19 - Il faudrait inventer d’autres verbes que le seul verbe écrire pour distinguer des opérations vont des mots jetés sur un carnet aux ultimes corrections calligraphiées sur les épreuves. Une conséquence : l’inanité de la querelle qui oppose (j’exclus les naïvetés de la communication) l’écriture en soi à l’écriture par les autres. Certaines étapes, au moins au départ et dans l’achèvement, nécessitent une absolue solitude. L’auteur s’y débrouille en son âme et inconscience. D’autres demandent au contraire une confrontation.

20 - Je n’ai jamais publié un livre sans que celui-ci, dans son ensemble, ne soit relié à cinq expériences : celle d’une pratique régulière de l’écriture ; celle d’un travail sur moi qui conteste les sensations paraissant les plus naturelles ; celle d’une connaissance plurielle de la poésie ; celle d’un projet littéraire global qui confronte chaque poème à des questions d’évolution formelle, de progression et de visée ; celle enfin, mais il n’y a pas d’ordre, d’une fréquentation de la philosophie.

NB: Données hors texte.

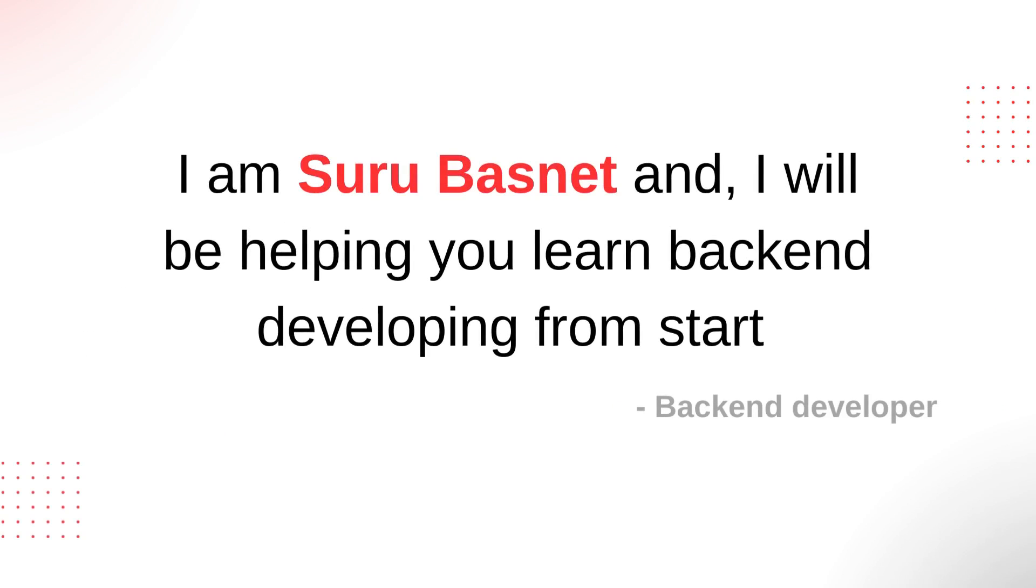Before I tell you about the playlist, let me introduce myself. My name is Suru Basneto and I am currently a backend developer with almost two years of experience. I will be helping you learn backend development from start on this playlist.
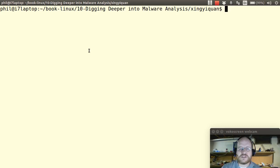Hello everyone, and welcome to Linux Forensics here at Pentester Academy.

21 - Il y eut, dans cette ville Yougoslave, ces heures où nous commentions à quelques uns la ressemblance de tous les quotidiens, loin de nous douter que parmi les milliers de piétons défilant sur l’artère ensoleille se cachaient de futures victimes, de futurs snippers...

22 - Tant qu’à accepter une étiquette, disons que j’ai écrit une poésie du politique (et non politique), à savoir qu’une part de ma matière verbale provenait des rapports sociaux, que mes images résonnaient dans un non-dit collectif. Si je n’ai jamais renié mes choix de citoyen, je n’ai écrit ni pour ni contre. J’ai exploré autour d’images, d’ellipses qui venaient à mon insu. J’ai intégré des courts-circuits dans des fragments descriptifs.